### [Work instruction]
Could you transcribe all of the data exactly and skip any pictures?

### [Working data]
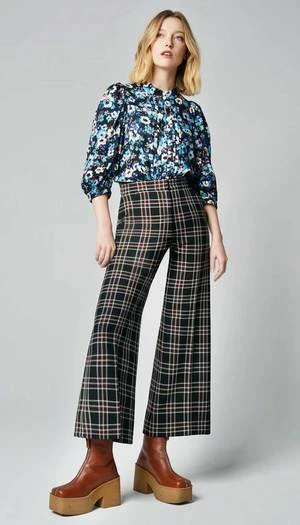 SmytheWide Leg Culotte - Black Plaid - Image 2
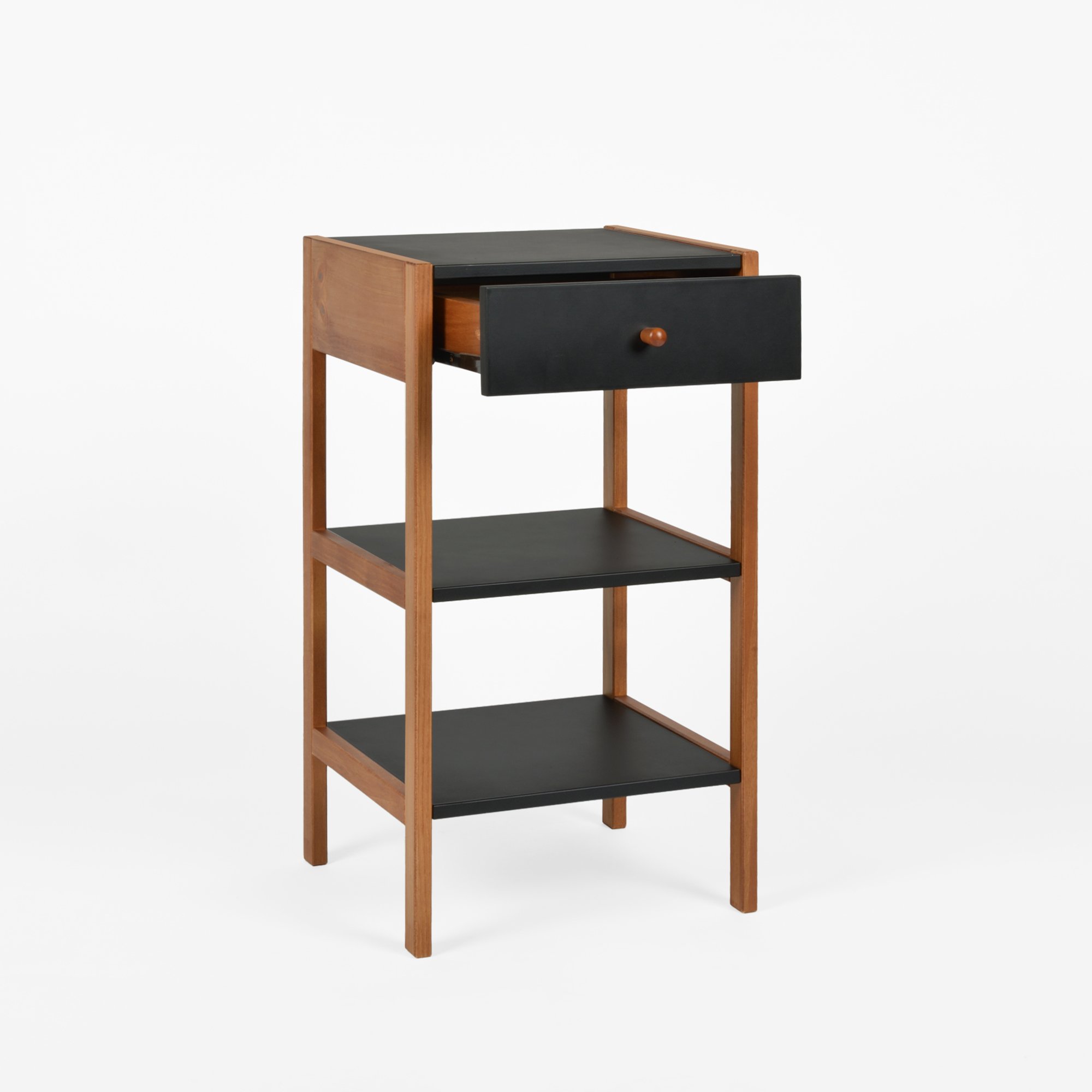 gaveteiro mesa de cabeceira joyce 1 gaveta preto e mel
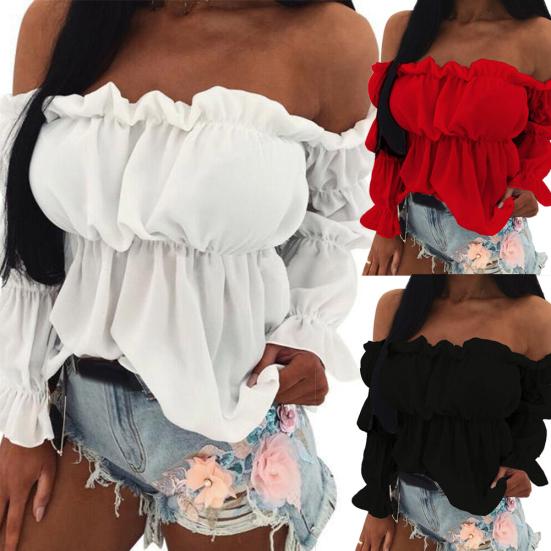 Women Sexy Solid Color Long Sleeve Off Shoulder Ruffled Edges Short Blouse Top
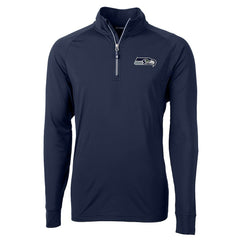 Seattle Seahawks Cutter & Buck Big & Tall Adapt Eco Knit Quarter-Zip Pullover Jacket - College Navy - NFL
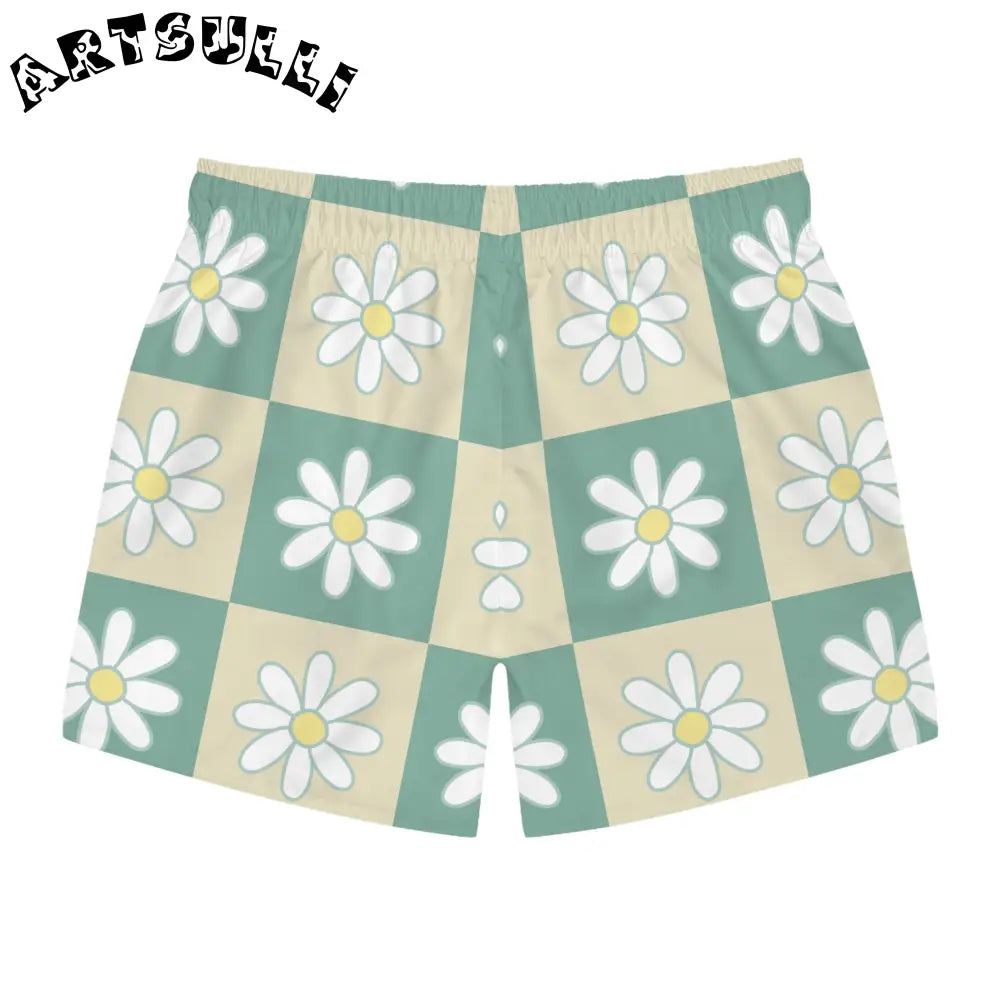 JAKKOUTTHEBXX Retro Daisy Checkerboard Green and Tan Swim Trunks
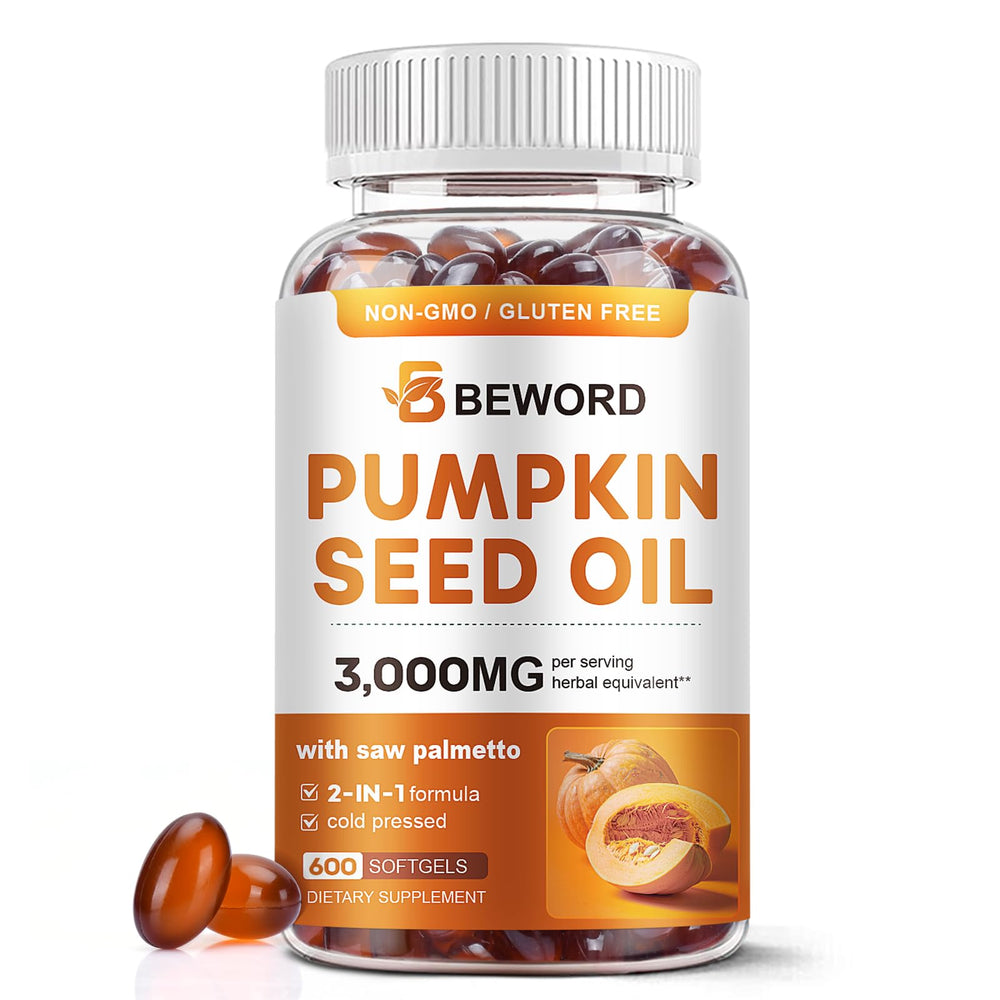BEWORD pumpkin seed oil with saw palmetto softgels bottle for daily urinary support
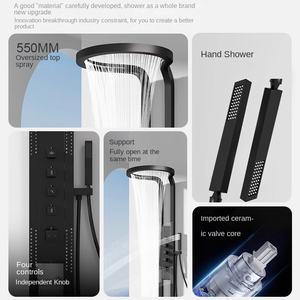 Système de robinet numérique à LED avec massage thermostatique, cinq fonctions, acier inoxydable, douche pluie cascade. - Product Image 2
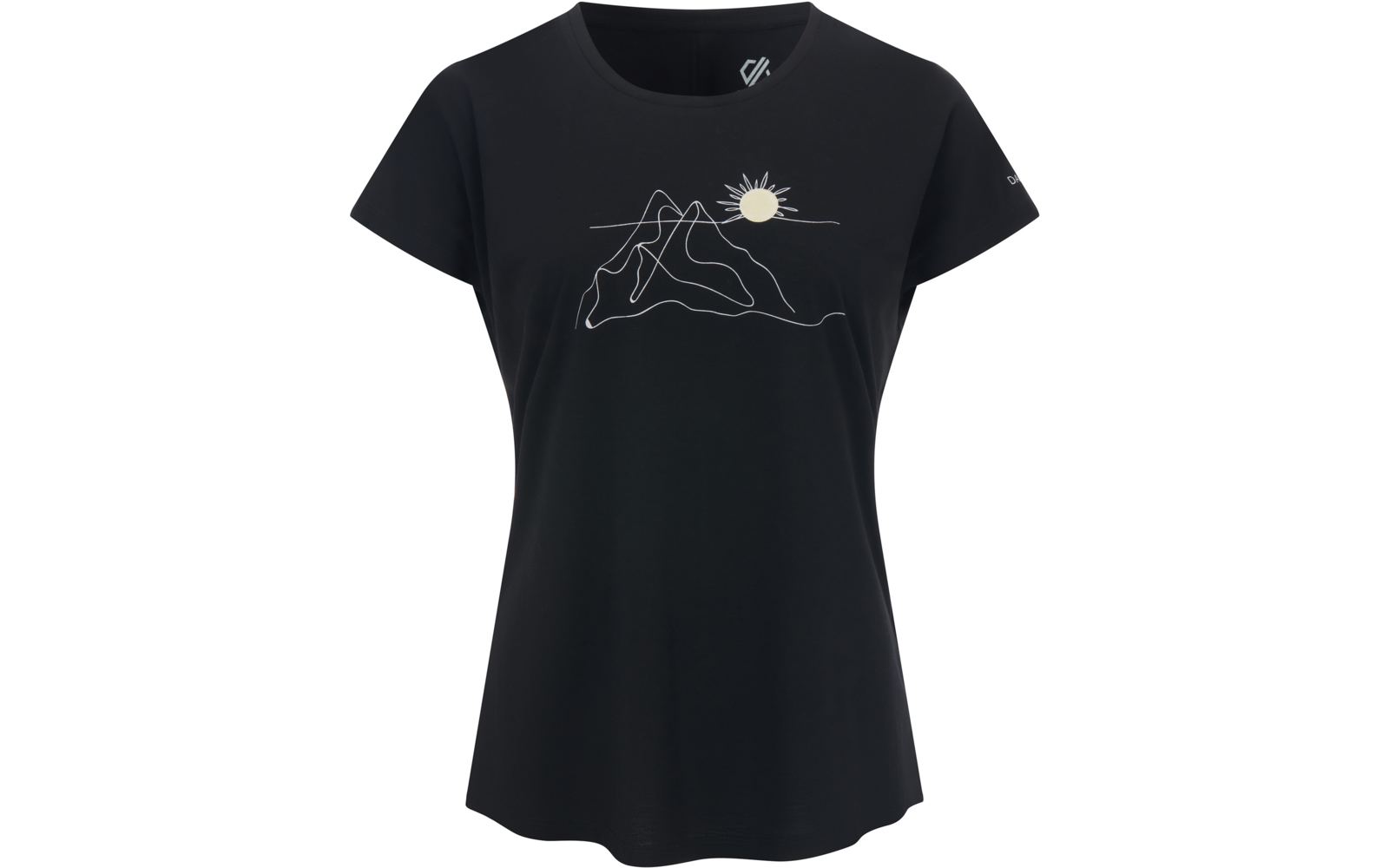 Schwarzes T-Shirt mit kurzen Ärmeln und Rundhalsausschnitt; weiße Linienzeichnung von Bergen und Sonne auf der Vorderseite; kleines weißes Logo im Nackenbereich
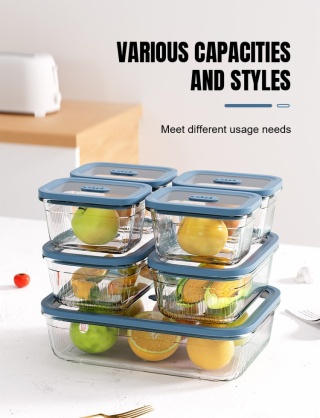 Four capacities of ribbed glass food containers stacked for storage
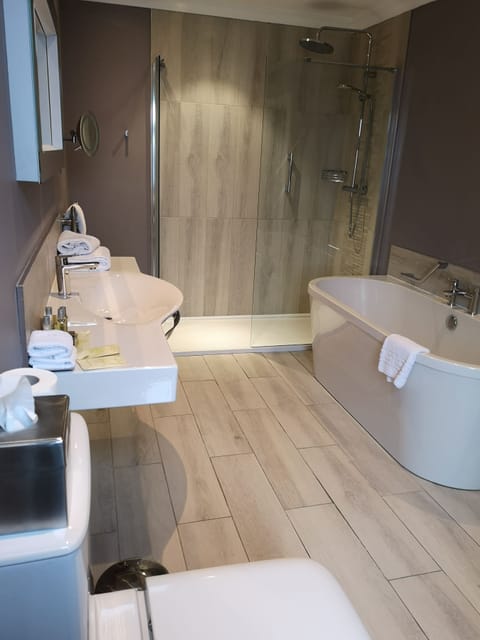 Free toiletries, hair dryer, towels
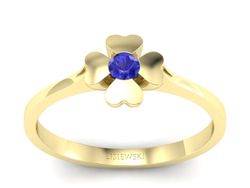 Złoty Pierścionek z szafirem żółte złoto szafir - p16285zszc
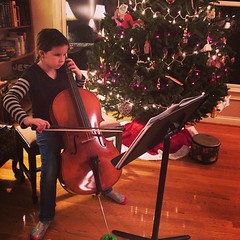 Cello by Christmas light.
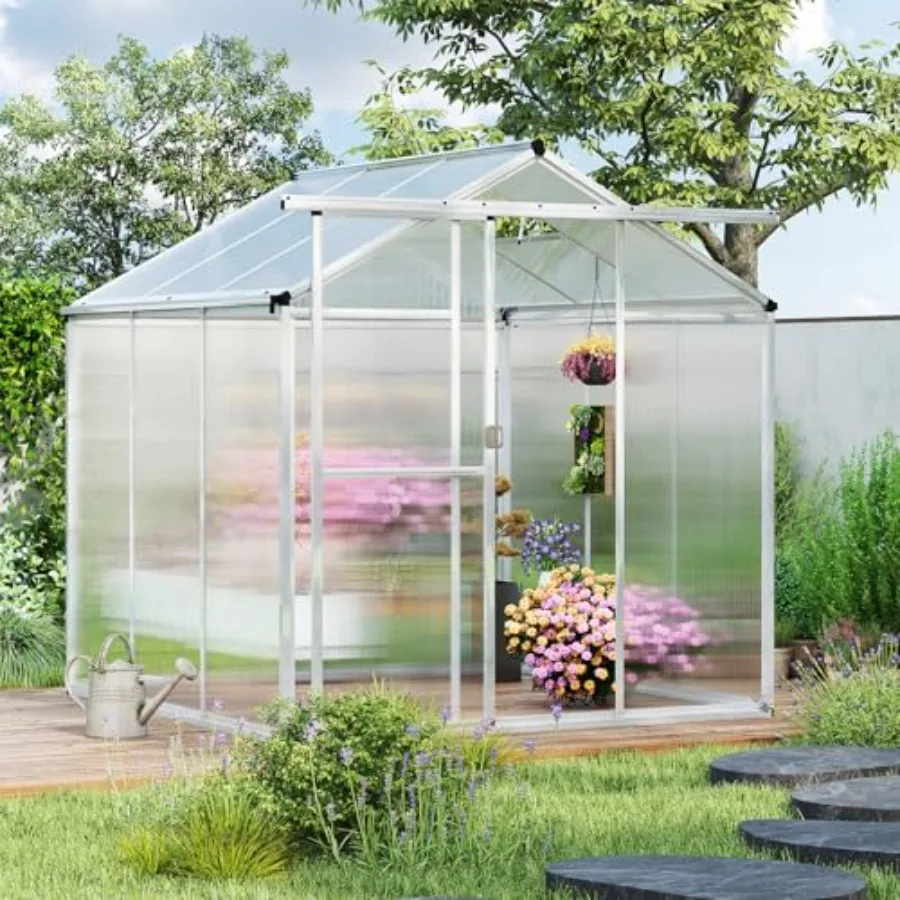 Greenhouse for outdoor garden, backyard, patio, lawn: 6x6x6.5 FT polycarbonate greenhouse in silver-gray, heavy-duty aluminum f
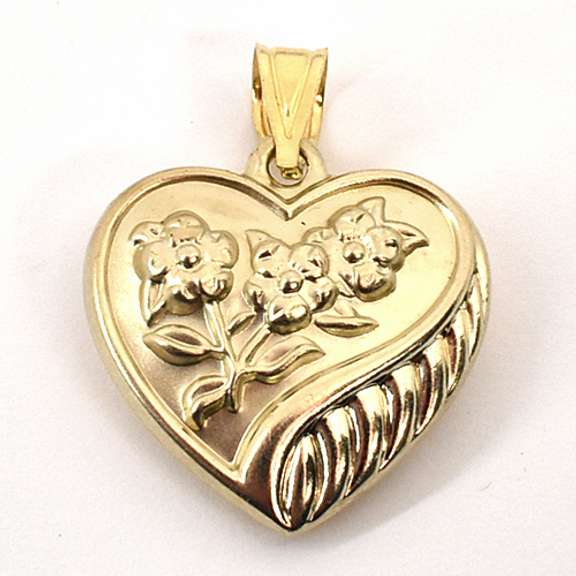 Reversible White & Yellow Gold Heart
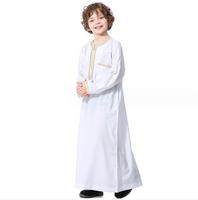 Robe musulmane saoudienne pour garçons, Dishdasha, Abaya, Kaftan, vêtements de prière islamiques, Thobe à manches longues, costume pour adolescents du Moyen-Orient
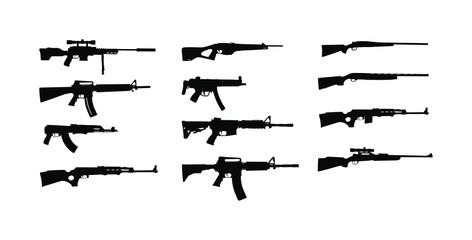 Collection of rifle vector silhouette illustration isolated on white background. Sniper rifle symbol silhouette, semi automatic, carbine. Army and police weapons. Shotgun and guns set. Powerful deadly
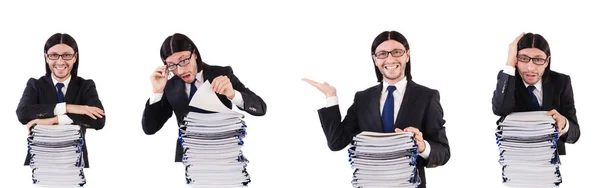 Funny man with lots of papers on white — Stock Photo, Image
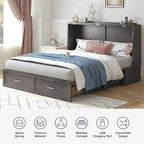 Lit escamotable convertible Murphy avec matelas, tiroir de rangement et station de recharge – Grand lit (Queen), 2 personnes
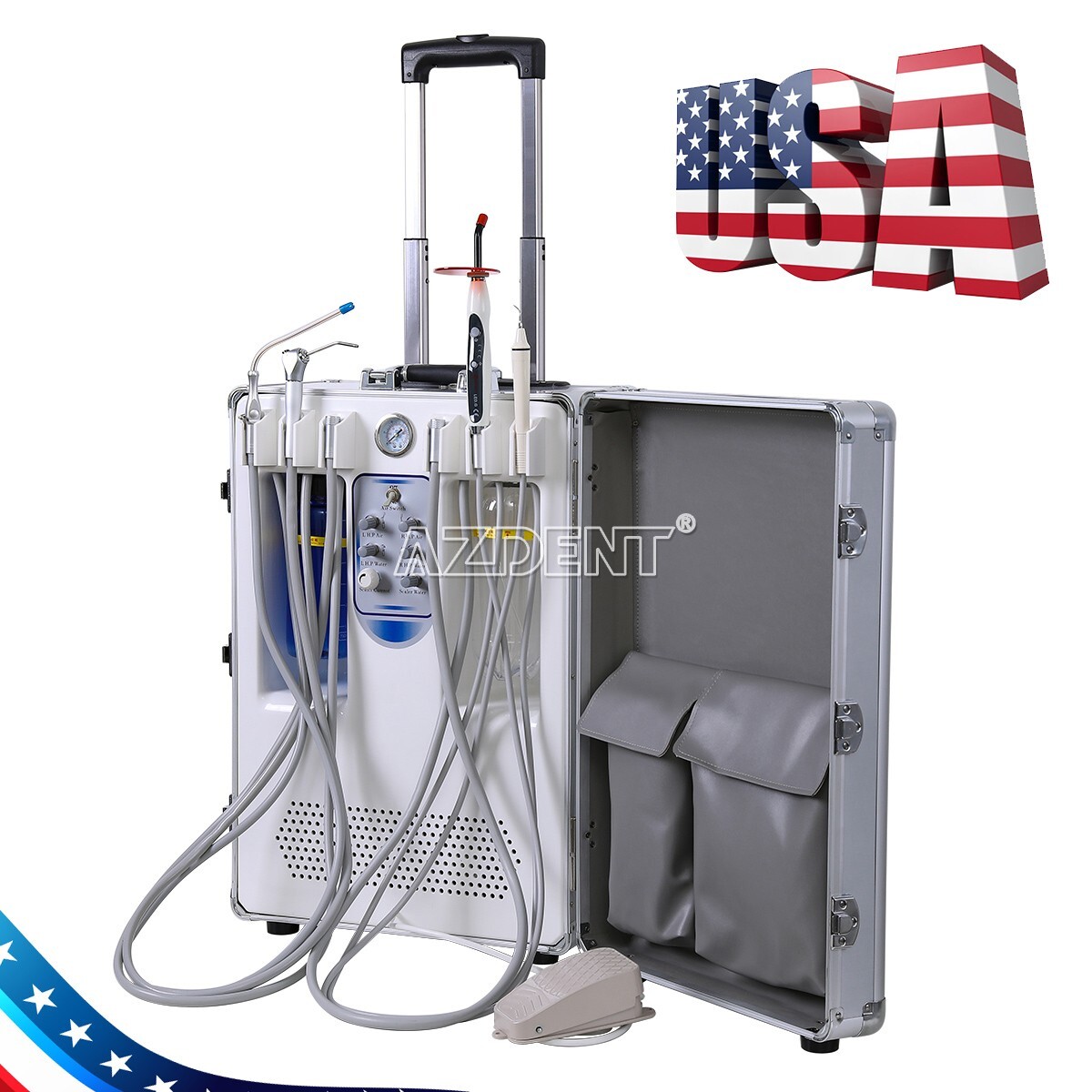 Mobile Portable Dental Delivery Unit Suction Syringe Air Compressor Scaler 4Hole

### [Task answer]
 SmytheWide Leg Culotte - Black Plaid - Image 2
 gaveteiro mesa de cabeceira joyce 1 gaveta preto e mel
 Women Sexy Solid Color Long Sleeve Off Shoulder Ruffled Edges Short Blouse Top
 Seattle Seahawks Cutter & Buck Big & Tall Adapt Eco Knit Quarter-Zip Pullover Jacket - College Navy - NFL
 JAKKOUTTHEBXX Retro Daisy Checkerboard Green and Tan Swim Trunks
BEWORD pumpkin seed oil with saw palmetto softgels bottle for daily urinary support
 Système de robinet numérique à LED avec massage thermostatique, cinq fonctions, acier inoxydable, douche pluie cascade. - Product Image 2
 Schwarzes T-Shirt mit kurzen Ärmeln und Rundhalsausschnitt; weiße Linienzeichnung von Bergen und Sonne auf der Vorderseite; kleines weißes Logo im Nackenbereich
 Four capacities of ribbed glass food containers stacked for storage
 Free toiletries, hair dryer, towels
 Złoty Pierścionek z szafirem żółte złoto szafir - p16285zszc
 Cello by Christmas light.
 Greenhouse for outdoor garden, backyard, patio, lawn: 6x6x6.5 FT polycarbonate greenhouse in silver-gray, heavy-duty aluminum f
 Reversible White & Yellow Gold Heart
 Robe musulmane saoudienne pour garçons, Dishdasha, Abaya, Kaftan, vêtements de prière islamiques, Thobe à manches longues, costume pour adolescents du Moyen-Orient
 Collection of rifle vector silhouette illustration isolated on white background. Sniper rifle symbol silhouette, semi automatic, carbine. Army and police weapons. Shotgun and guns set. Powerful deadly
 Funny man with lots of papers on white — Stock Photo, Image
 Lit escamotable convertible Murphy avec matelas, tiroir de rangement et station de recharge – Grand lit (Queen), 2 personnes
 Mobile Portable Dental Delivery Unit Suction Syringe Air Compressor Scaler 4Hole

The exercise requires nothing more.